I'm finally able to love again, finally able to date again, finally AVAILABLE, really truly available. I'm finally able to say "enough is enough" and that I won't be there for him again. I won't let myself be hurt just so that one person can be satisfied for one moment. Am I over him? I haven't even given it a thought, so I must be.
And everything else... Well, I don't know what kind of progress I'm making but I sure know I'm not slipping. I've stopped looking at some of the things that have happened to me as events, and more as how they've affected me and how I need to change that (thank you human sexuality class!). I'm getting more of a sense of the effects and less of the causes, and I know that with time and patience effects can be changed, while causes cannot. I'm focusing less on the causes and more on the things I can change.
Of course it's a long, time consuming process and right now in my life I just DO NOT HAVE THAT TIME. It's classes, homework, WORK, and friends. And I'm not willing to give up the friends I have to spend that time on working through stressful, hard issues all at once, so I'm just doing it a little at a time.
I guess I'm looking at things more objectively too. Incidents are incidents and once they've come they've come and once they've gone they've gone. They leave rubble behind, and cleaning it up takes one step at a time.
I'm at a time in my life that I cannot afford to sacrifice any more time to anything else, or I will start leaving any more sleep and when I'm getting five or six hours a night, that's something I'm not willing to reduce any more. But I do know that it's something I have to go alone, and I want to go it alone. I understand that some people are willing to help, and I'm as appreciative of that as I can be, but I've got to go it alone. I've got to.

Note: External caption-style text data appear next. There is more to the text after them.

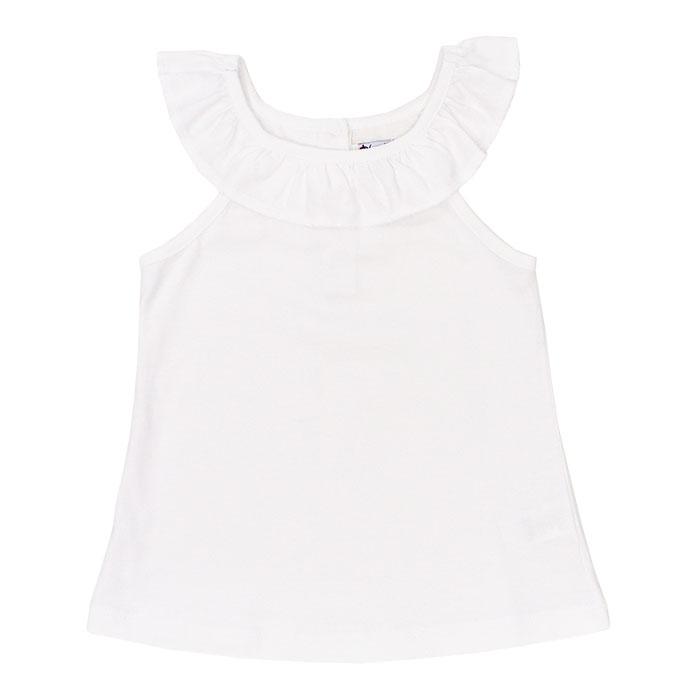 RUFFLE COLLAR TOP - WHITE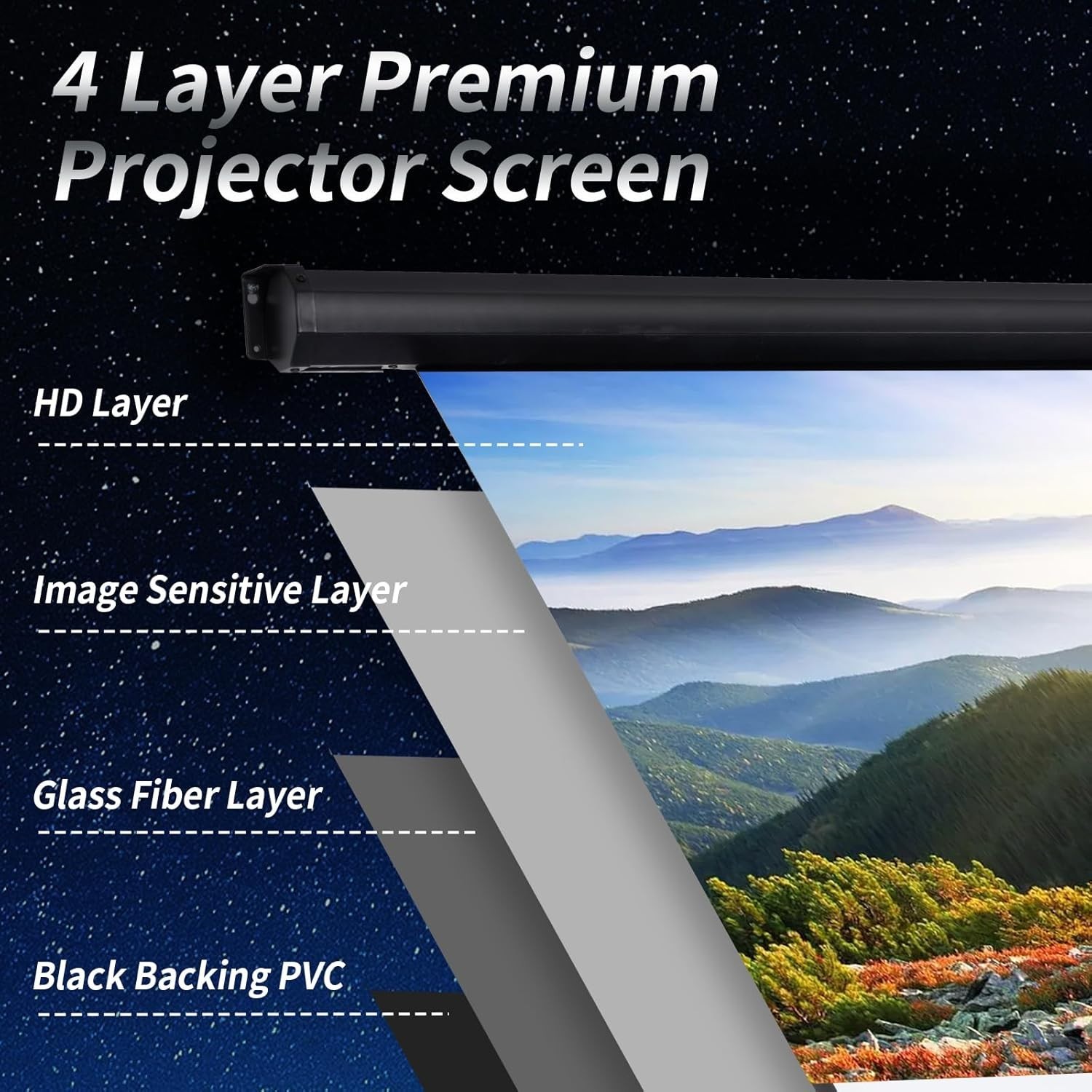 120 Inch Projector Screen Motorized 4:3 HD Electric Rising Projector Screen Pull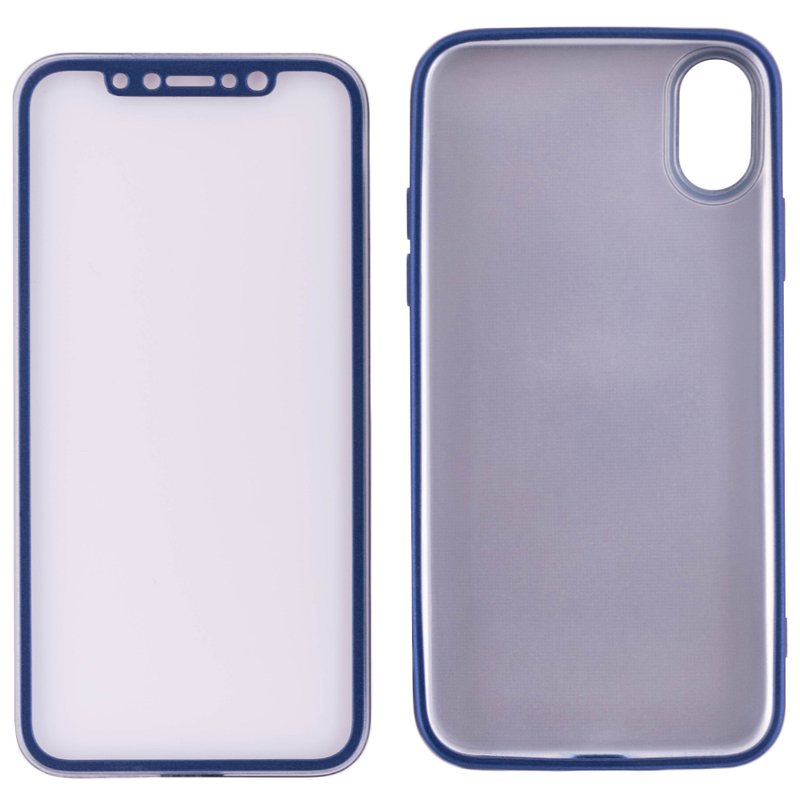 Husa iPhone XS TPU Smart Case 360 Full Cover Albastru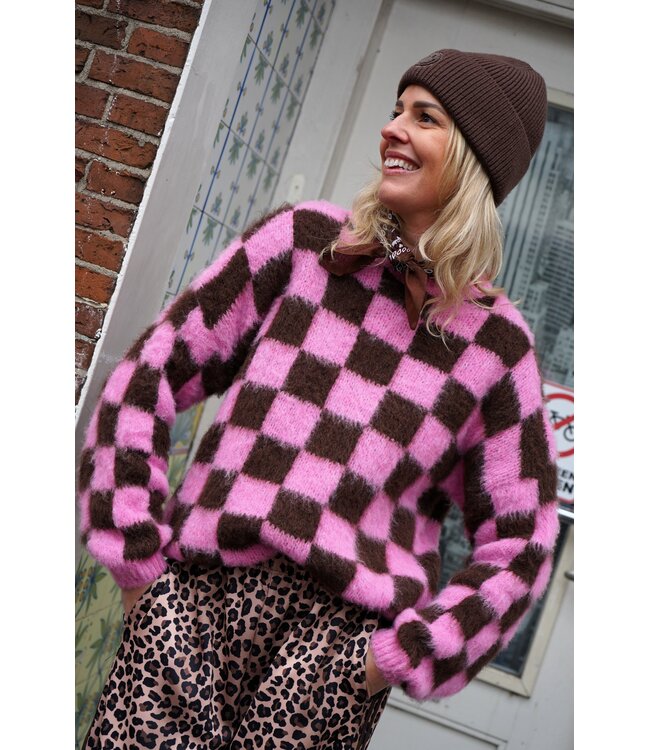 GEBLOKTE TRUI ROZE BRUIN
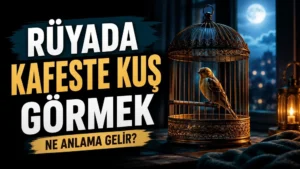 Ay ışıklı loş bir odada kafes içinde duran küçük kuş; sol tarafta “Rüyada Kafeste Kuş Görmek Ne Anlama Gelir?” yazısı bulunan blog kapak tasarımı.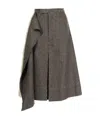 Maison Margiela Asymmetric Wool-panel Shorts In Black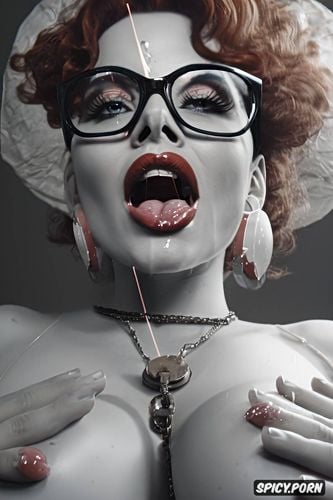 massive glasses, sperm on tongue, cum on giant veiny tits, red curls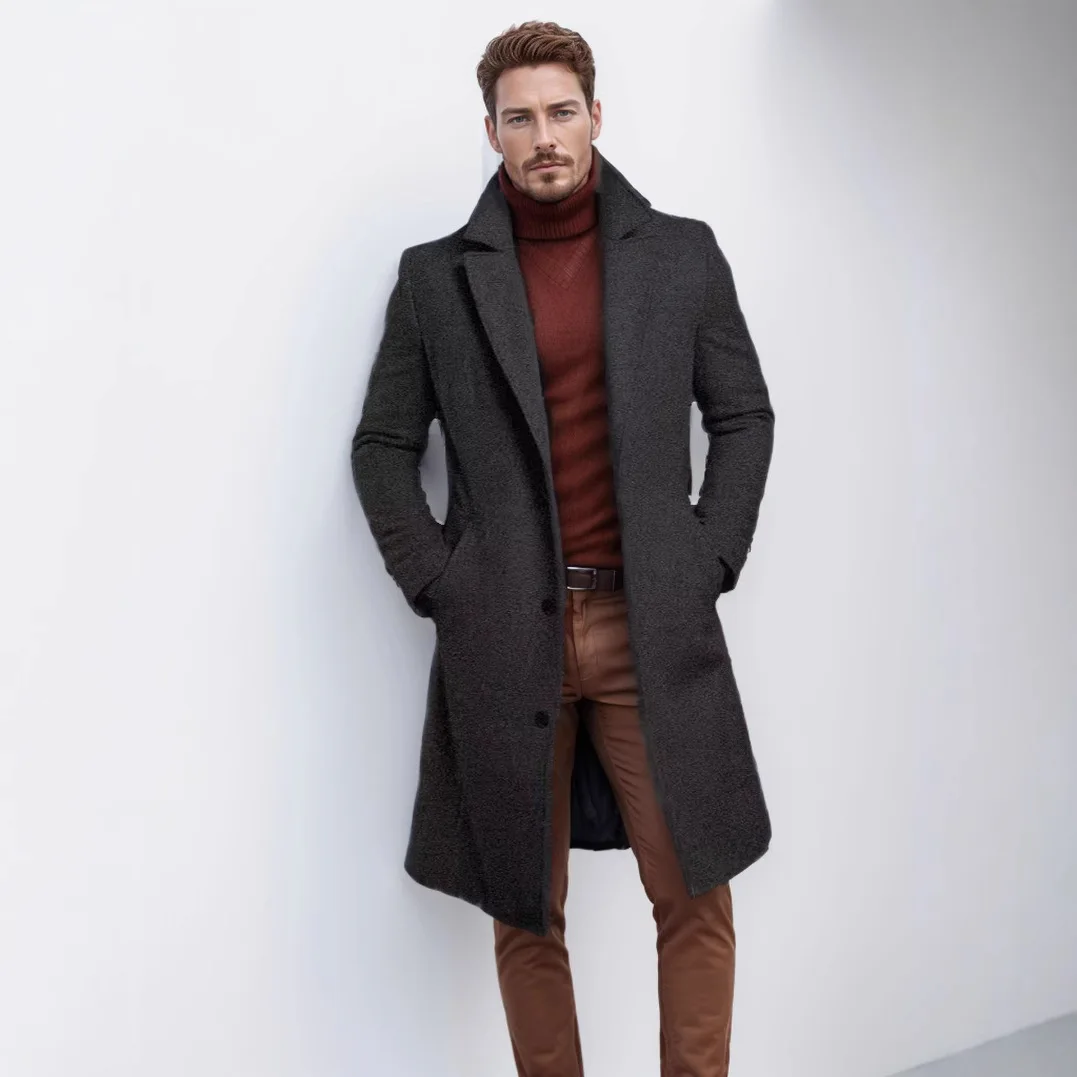 Warmth Youth Men's Mid-Length Pure Color Woolen Coat Autumn Winter Thickened Single-Breasted Jacket with Pockets Straight Hem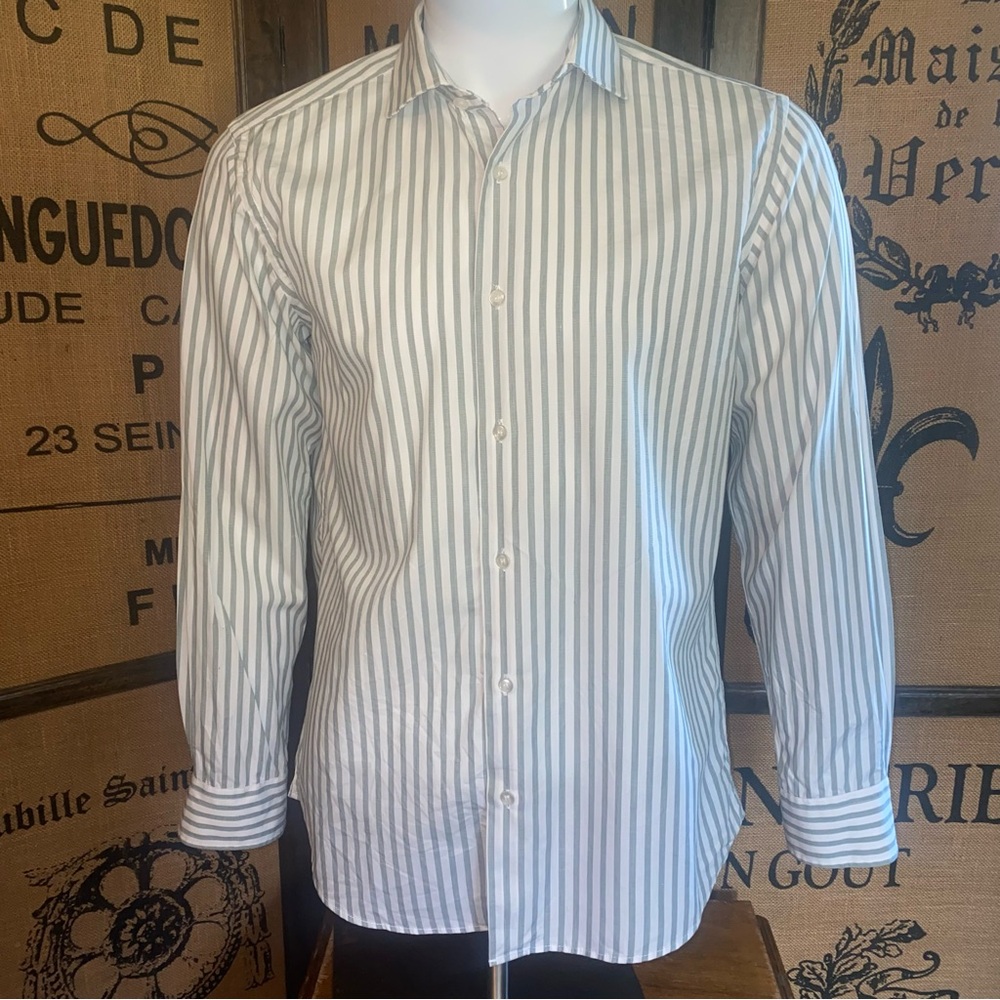 Galan Camiseria Sage and White Striped Shirt, 40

If I don't do it myself, then how will I do it?
Sure, I'm fucked up, and I know it, but I know everybody else is fucked up too. I haven't had sex since I was raped, and that's a hella long time ago. But I understand that too is a process.
The pain is easing inside me, a little every day, and of course there will always be pain, that's a part of life. But I've got my little insights every day...
I still hurt over Matt and Moy, and even Joe, Joe, dear dear Joe. It still hurts every time I think about it, I still cry a lot, but that's death, isn't it? And I think to myself, perhaps this was the best? I mean, who are we to know, but I can't even imagine what Iraq could have done to Matt and Moy, I mean, it could have fucked them up so much and ruined the rest of their lives (AKA Vietnam war). They never really lost their youthful innocence, not in our hearts. And Joe, of course Joe's death was a different kind of tragedy: an accident... something that should have never happened, and yet it did. The past is passed.
I'm just a young woman leaving her past behind her and fearful yet excited for the days to come. Maybe they'll be short, maybe there will be many days, but I'm not going to end it myself. I'm still going to feel the lows, but the highs will come again, and I'm still going to use drugs, but someday that might change too.
The future is wide open, and so am I to receiving it.